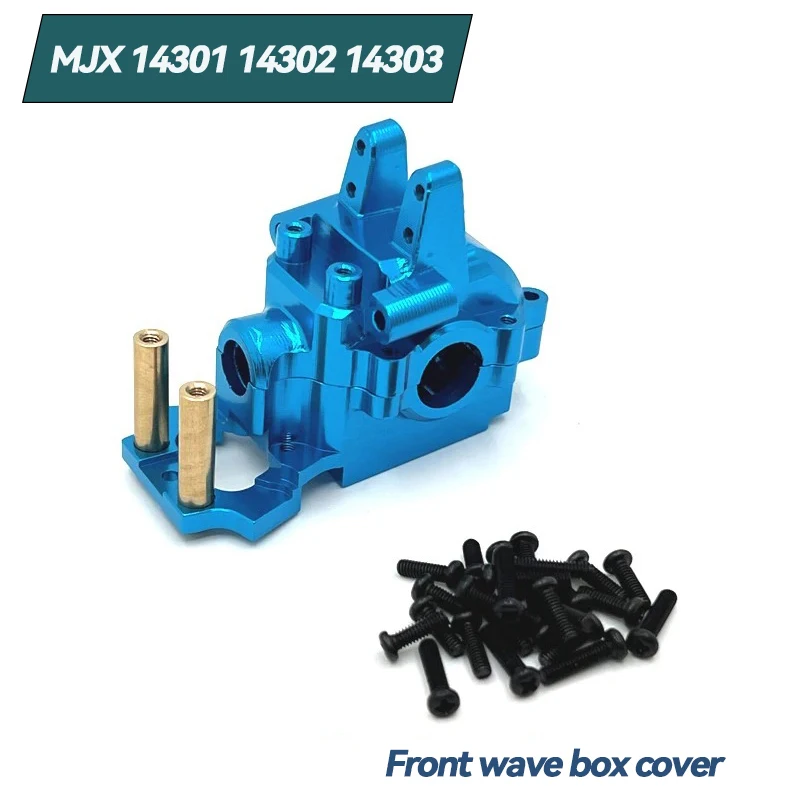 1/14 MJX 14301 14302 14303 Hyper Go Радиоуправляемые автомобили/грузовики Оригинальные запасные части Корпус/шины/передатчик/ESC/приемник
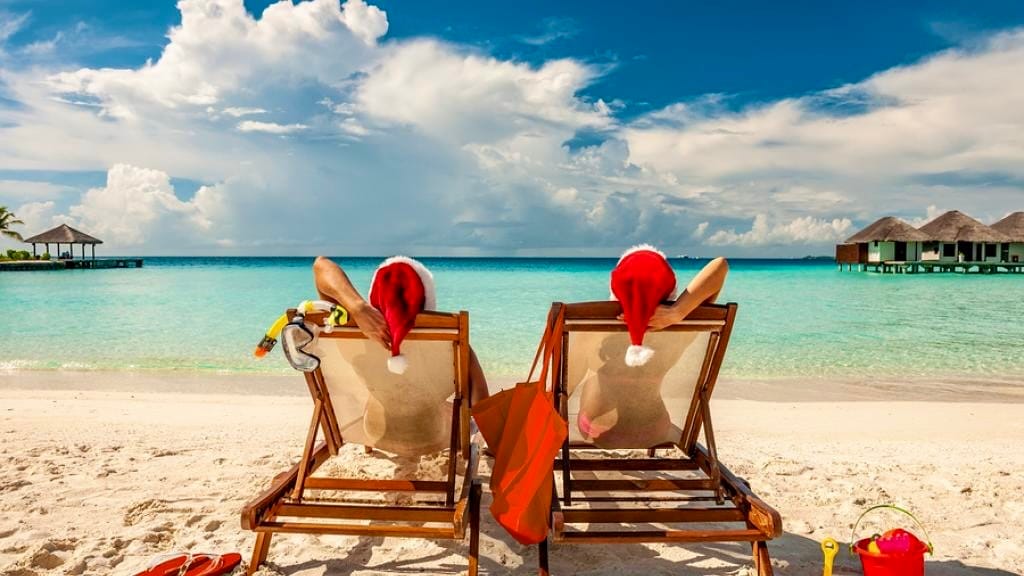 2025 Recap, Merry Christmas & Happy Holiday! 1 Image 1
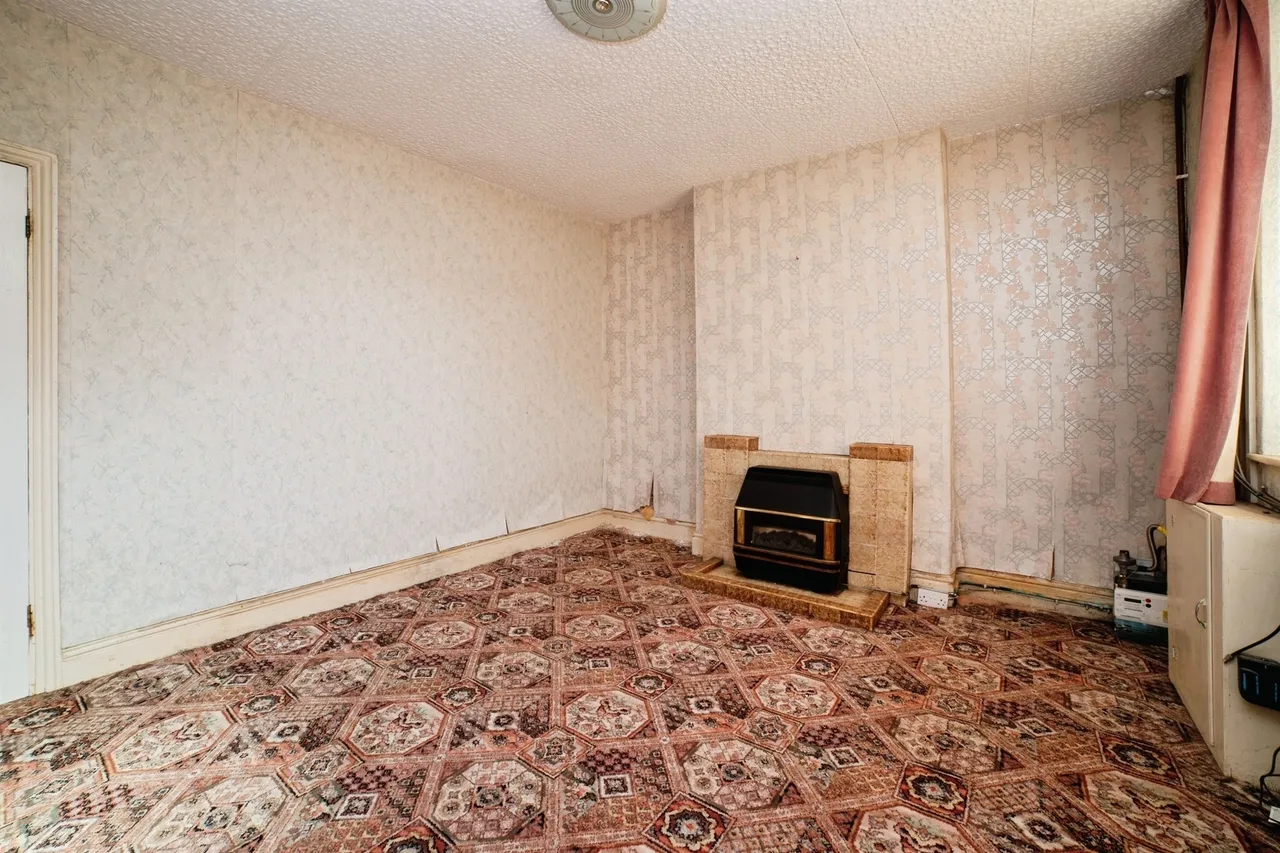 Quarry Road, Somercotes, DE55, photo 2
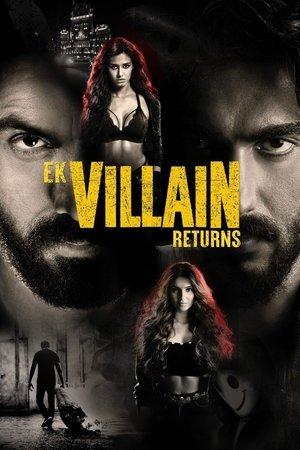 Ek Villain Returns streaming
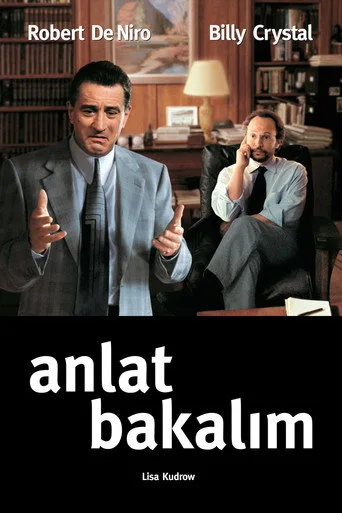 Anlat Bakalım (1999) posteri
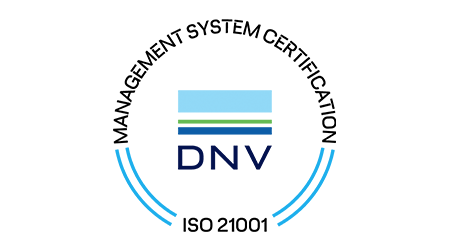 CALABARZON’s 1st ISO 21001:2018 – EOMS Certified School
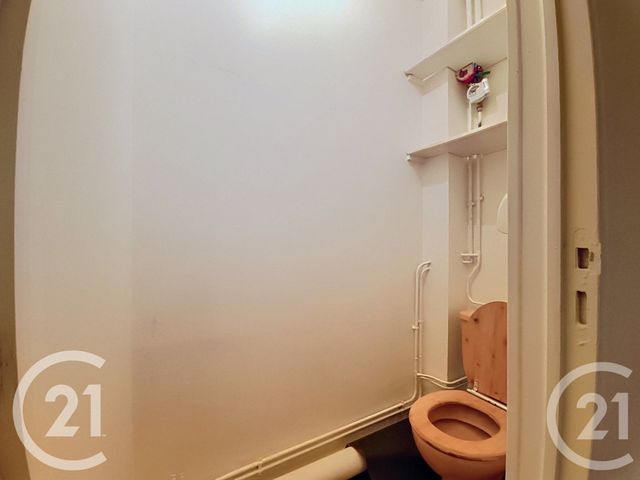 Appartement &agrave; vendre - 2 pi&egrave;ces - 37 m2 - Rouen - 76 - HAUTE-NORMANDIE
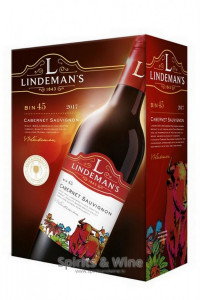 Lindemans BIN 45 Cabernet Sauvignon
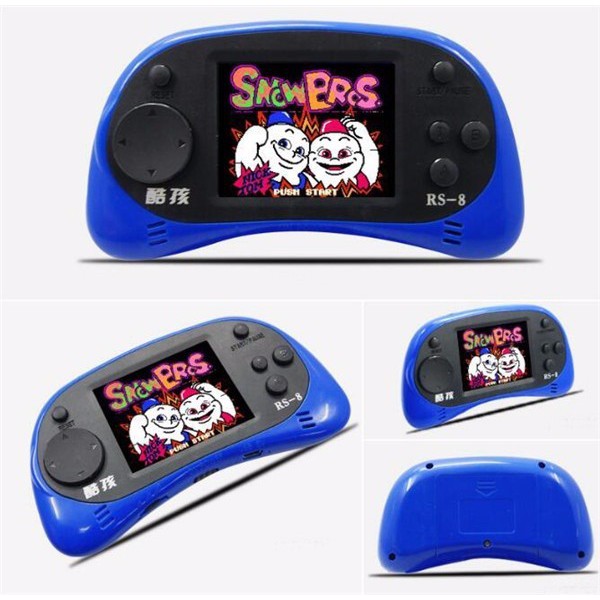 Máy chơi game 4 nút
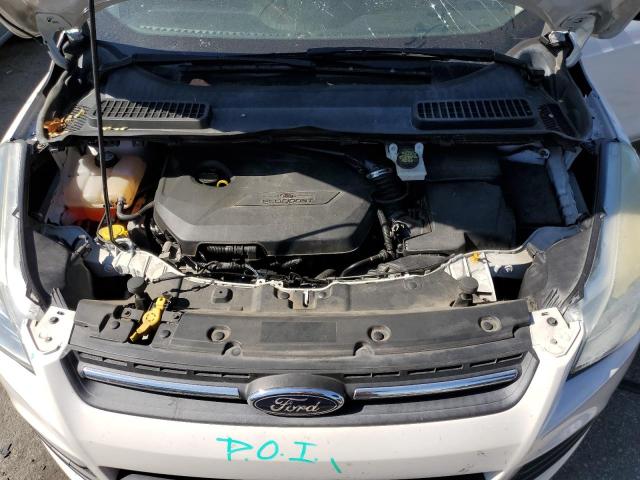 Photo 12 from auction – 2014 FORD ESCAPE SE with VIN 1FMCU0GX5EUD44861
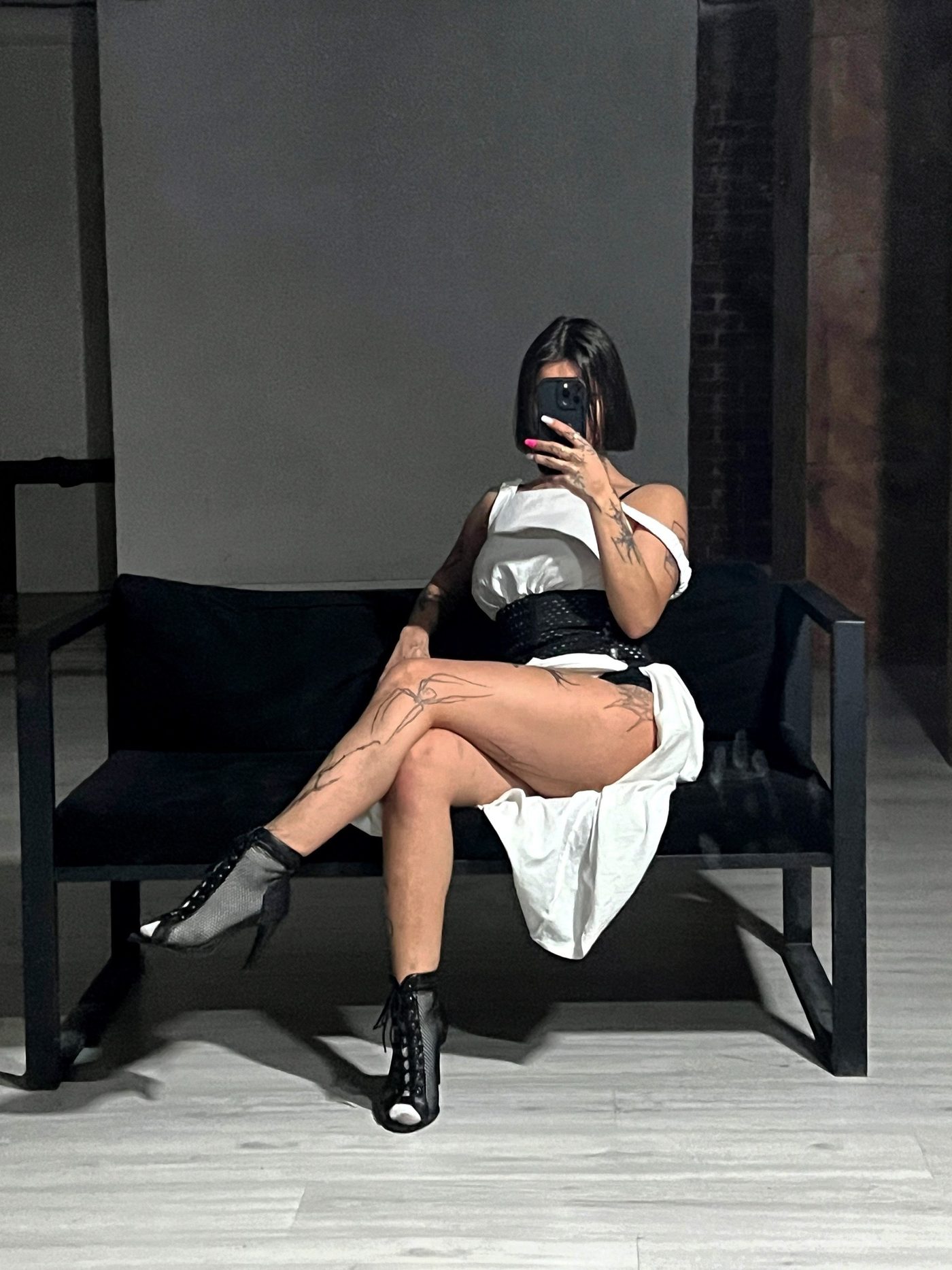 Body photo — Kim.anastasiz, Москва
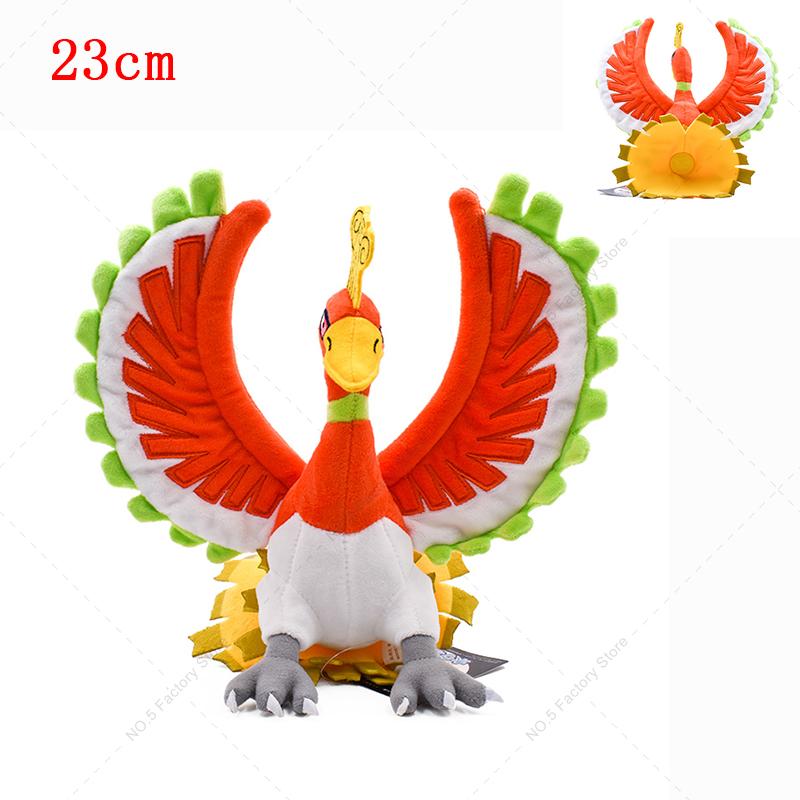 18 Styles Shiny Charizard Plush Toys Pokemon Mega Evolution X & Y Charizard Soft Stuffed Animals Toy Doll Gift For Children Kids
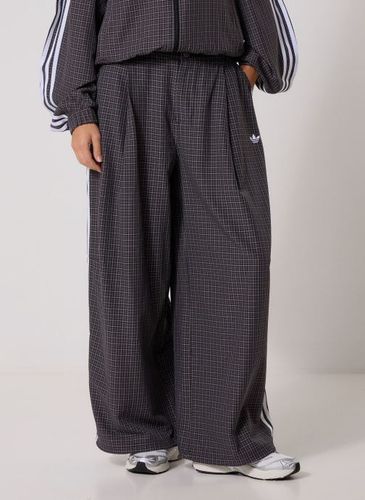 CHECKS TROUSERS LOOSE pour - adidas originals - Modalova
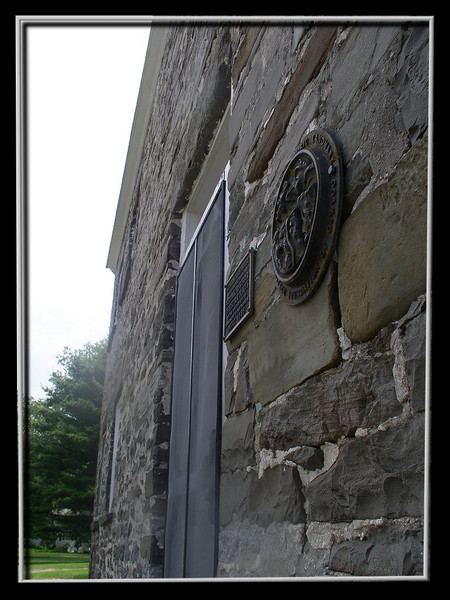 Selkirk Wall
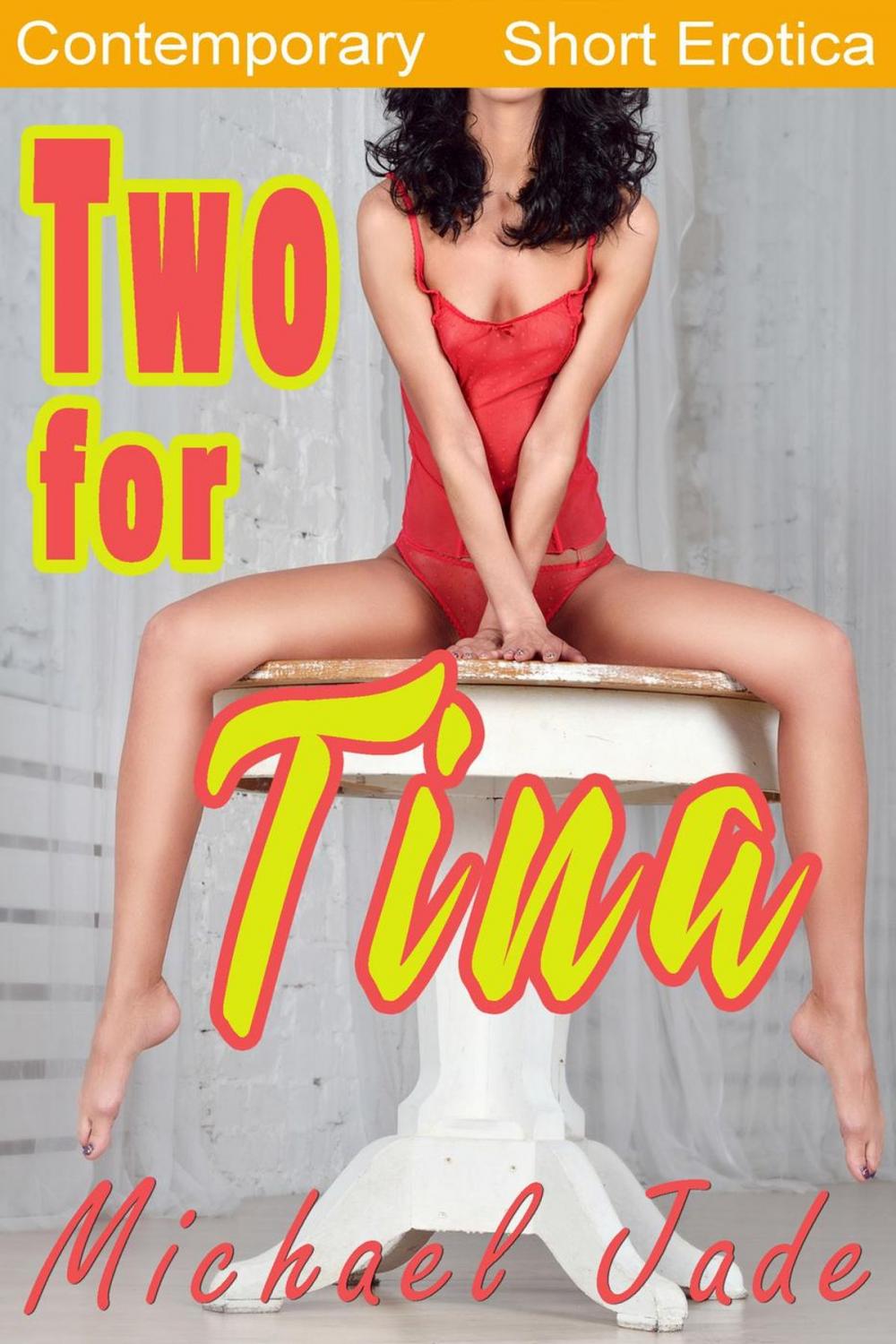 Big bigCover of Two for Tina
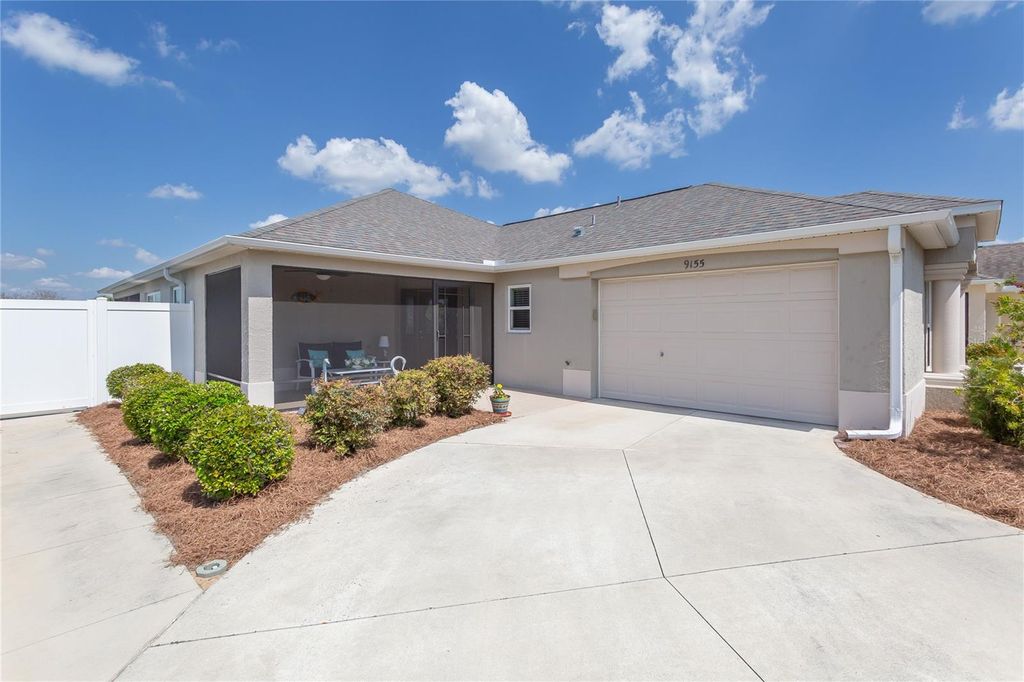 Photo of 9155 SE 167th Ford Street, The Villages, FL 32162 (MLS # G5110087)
================
#### Assignment
Please quote the lines of the material, beginning with the first and ending with the one that contains "Body photo — Kim.anastasiz, Москва", exactly as written and without any pictures.

#### Completed exercise
 1/14 MJX 14301 14302 14303 Hyper Go Радиоуправляемые автомобили/грузовики Оригинальные запасные части Корпус/шины/передатчик/ESC/приемник
 2025 Recap, Merry Christmas & Happy Holiday! 1 Image 1
 Quarry Road, Somercotes, DE55, photo 2
 Ek Villain Returns streaming
 Anlat Bakalım (1999) posteri
 CALABARZON’s 1st ISO 21001:2018 – EOMS Certified School
 Appartement &agrave; vendre - 2 pi&egrave;ces - 37 m2 - Rouen - 76 - HAUTE-NORMANDIE
 Lindemans BIN 45 Cabernet Sauvignon
 Máy chơi game 4 nút
 Photo 12 from auction – 2014 FORD ESCAPE SE with VIN 1FMCU0GX5EUD44861
 Body photo — Kim.anastasiz, Москва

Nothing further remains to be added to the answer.